Charles Moreau (X94) a été choisi pour travailler à la construction de la LPM

Charles Moreau (X94), « petit ensemblier » de la LPM

Dossier : Vie de l'associationMagazine N°797 Septembre 2024
Par Isabelle TANCHOU (X80)

Charles Moreau a réso­lu­ment choi­si une car­rière dans le réga­lien et a acquis une double culture métier au ser­vice des minis­tères de l’Intérieur et des Armées, avant d’être choi­si par le ministre Sébas­tien Lecor­nu pour tra­vailler à la construc­tion de la LPM.

Charles, peux-tu me rappeler qui tu es, ton parcours, et dans quel contexte tu as été amené à travailler sur la LPM ?

Je res­sens d’abord une grande fier­té d’être fran­çais : c’est notre pays que mon grand-père mater­nel, juif hon­grois, a choi­si comme nation d’accueil pour construire une vie meilleure avant que n’éclate la Seconde Guerre mon­diale. Sa volon­té de contri­buer toute sa vie au « faire nation fran­çaise », mal­gré de grands drames durant la guerre, m’a pro­fon­dé­ment mar­qué. Ayant en outre bai­gné dans une famille très éclai­rée par la « vie de la Cité », avec un père cher­cheur en méde­cine puis haut fonc­tion­naire, j’ai eu très tôt le goût des sciences et de la chose publique. À l’âge de 7 ans je vou­lais être pré­fet… Bref, déter­mi­nisme social ou bien appé­tences fortes (peut-être un peu des deux ?), et me voi­là auto­ri­sé à inté­grer l’École natio­nale d’administration (aujourd’hui INSP), après l’X et l’école d’application à l’Ensae.

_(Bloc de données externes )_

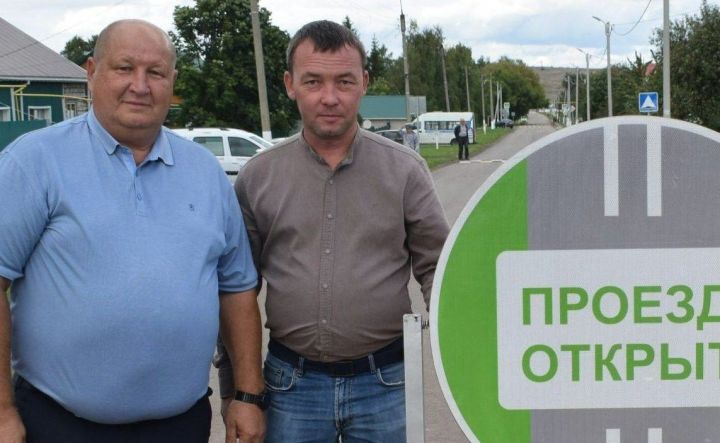 Долгожданное открытие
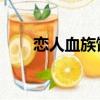戀人血族館 同期小說（戀人血族館）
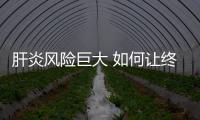肝炎風險巨大 如何讓終止“無聲的疫情”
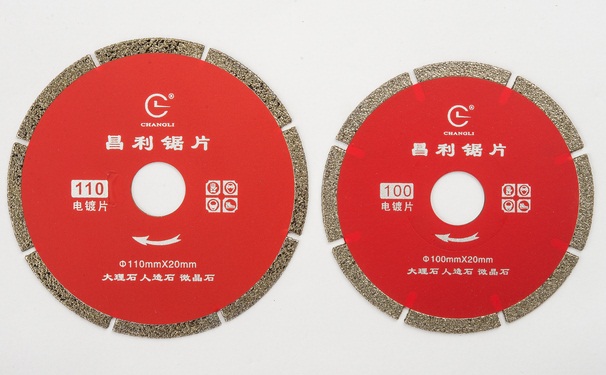 金剛石鋸片渦流檢測方法的優(yōu)點和缺點分析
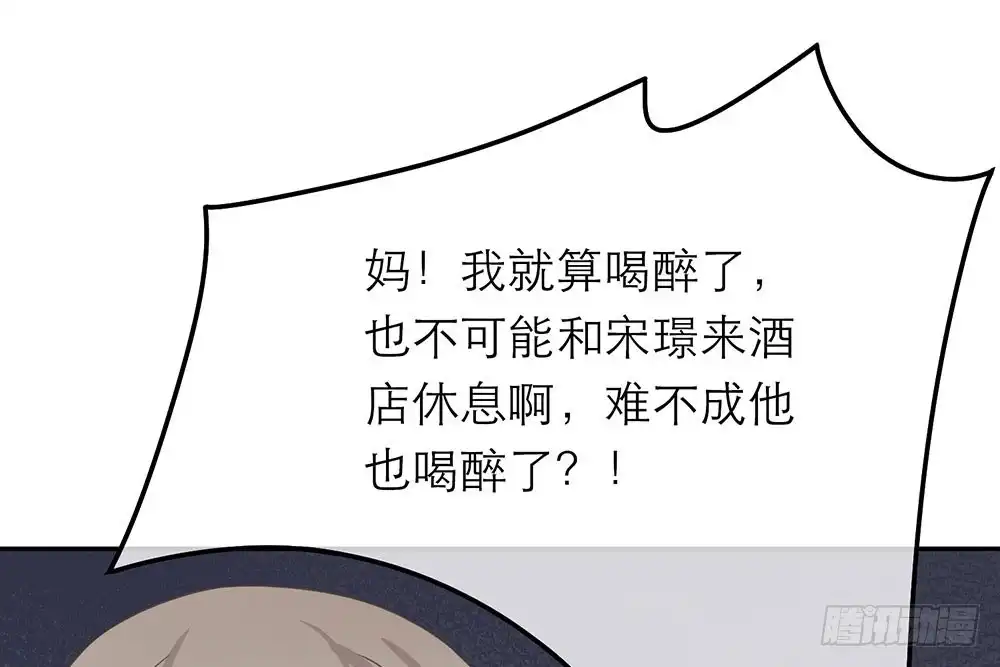 《恋人的2种打开方式》第31话 第42页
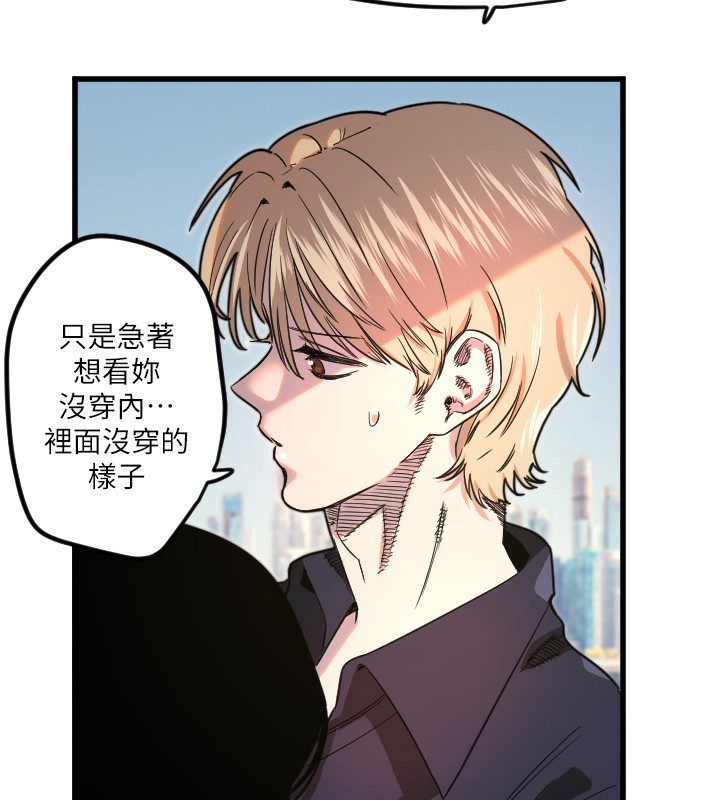 32P - 守护天使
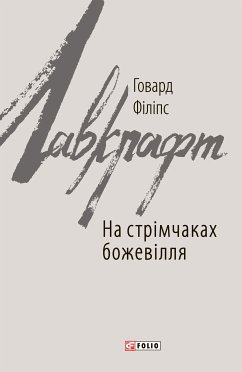 На стрімчаках божевілля (eBook, ePUB) - Лавкрафт, Говард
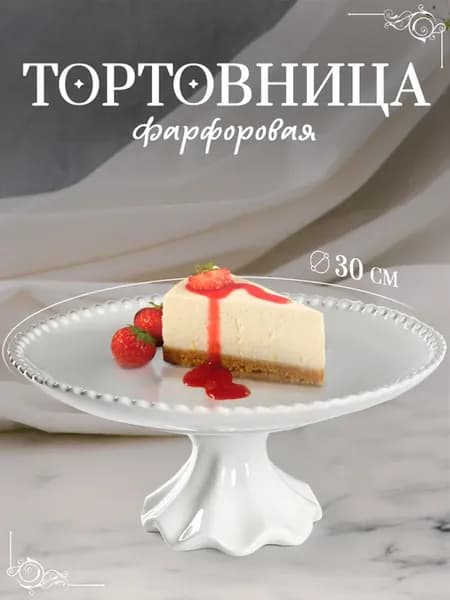 Подставка для торта d=30 см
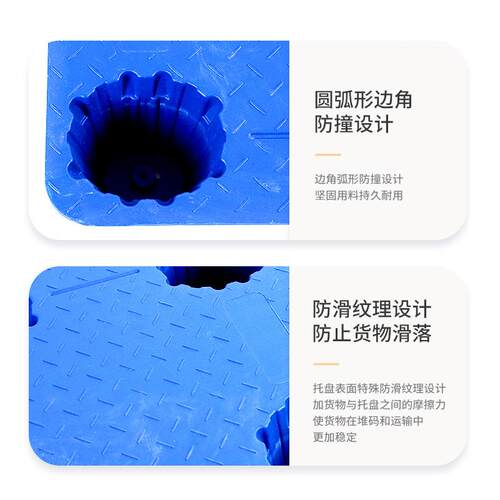 1210仓库潮卡板九脚叉车垫板物流UIN塑塑胶板吹塑拖板栈防板料托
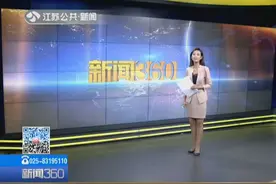 12+9分！即日起南京的驾驶证一年有21分，咋回事？视频封面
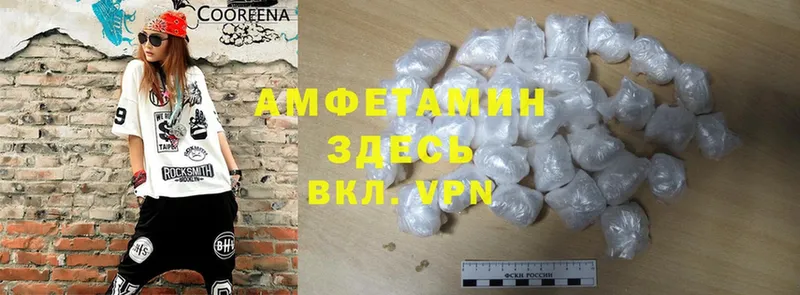 Amphetamine 98%  что такое   Навашино 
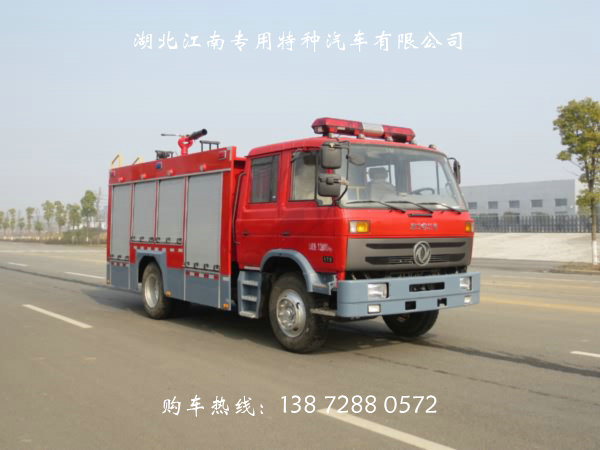 東風(fēng)145泡沫消防車(國五)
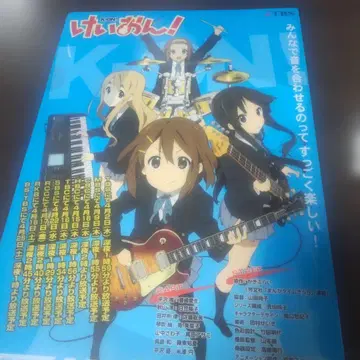 케이온! 클리어 파일 A4 사이즈 12장 세트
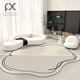 
Pixel carpet living room light luxury irregular bedroom bedside blanket cream style special-shaped floor mat 2025 new style carefree Xingruo 11973 160cm*230cm [living room]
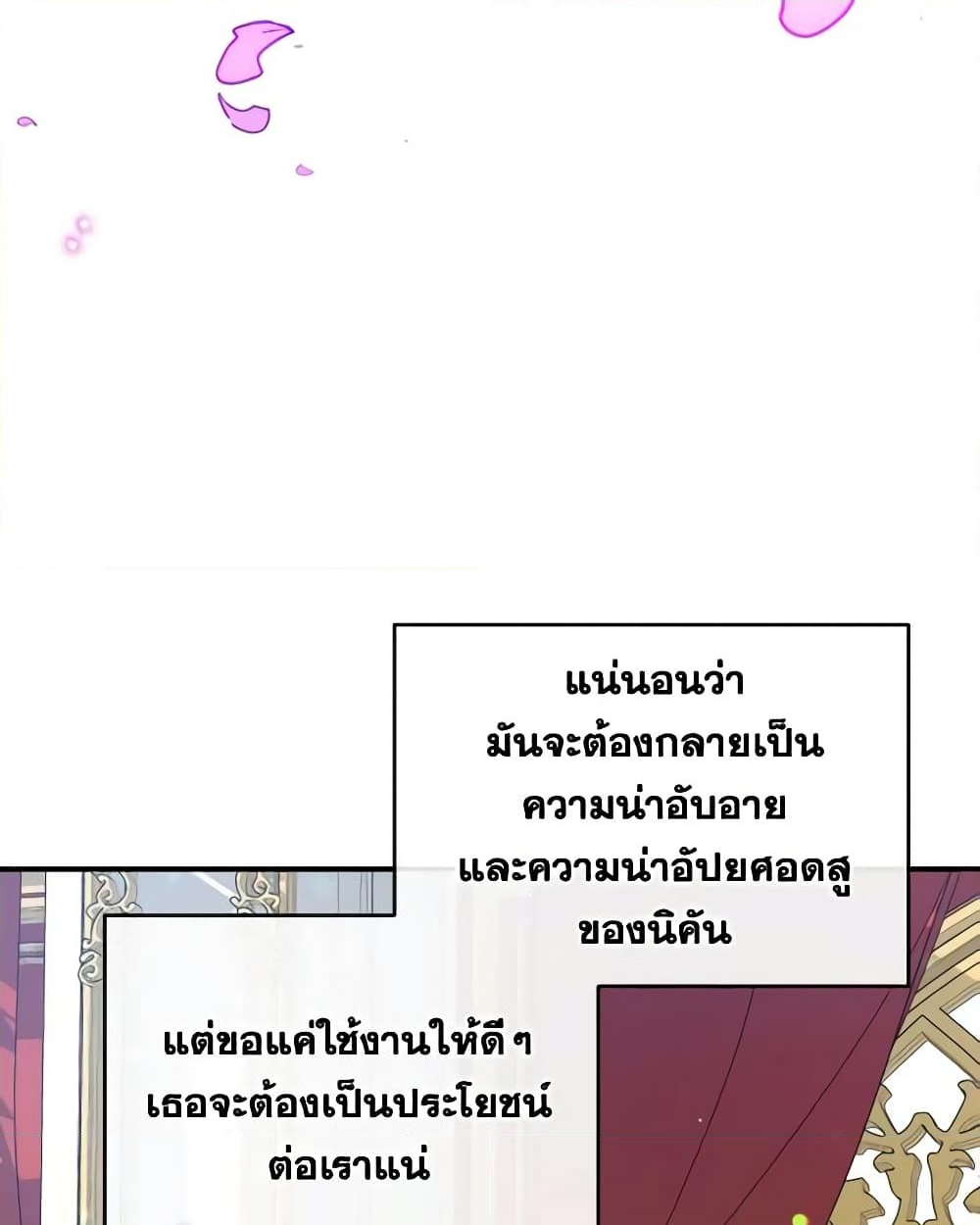 อ่านการ์ตูน Can We Become a Family 93 ภาพที่ 57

Je choi­sis à la sor­tie de l’ENA l’inspection géné­rale de l’administration (IGA) au minis­tère de l’Intérieur – exac­te­ment ce à quoi j’aspirais : bai­gner dans le réga­lien, en gar­dant une part de réflexion (l’inspection, qui per­met de des­si­ner des réformes), dans l’action admi­nis­tra­tive (en admi­nis­tra­tions cen­trale et décon­cen­trée), et aus­si en lien avec les auto­ri­tés poli­tiques dans les cabi­nets ministériels.

« L’originalité de mon parcours, s’il y en a une, réside dans l’alternance régulière des postes entre le ministère de l’Intérieur et le ministère de la Défense. »

L’originalité de mon par­cours, s’il y en a une, réside dans l’alternance régu­lière des postes entre le minis­tère de l’Intérieur et le minis­tère de la Défense, ce qui est (trop) rare. Ces deux minis­tères sont l’exact com­plé­men­taire l’un de l’autre, et portent pour­tant des « cultures métiers » assez radi­ca­le­ment dif­fé­rentes alors que les fina­li­tés de leurs mis­sions se rejoignent. C’est fas­ci­nant à obser­ver, et c’est aus­si un levier pour faire pro­gres­ser l’un et l’autre : à la très grosse maille, la culture de l’Intérieur est mar­quée par l’agilité et la réac­ti­vi­té avec des socles de for­ma­tion fon­dés sur le juri­dique, alors que la culture des armées est mar­quée par la capa­ci­té de pla­ni­fi­ca­tion et la robus­tesse des pro­ces­sus avec une forte orien­ta­tion scien­ti­fique et tech­nique dans les formations.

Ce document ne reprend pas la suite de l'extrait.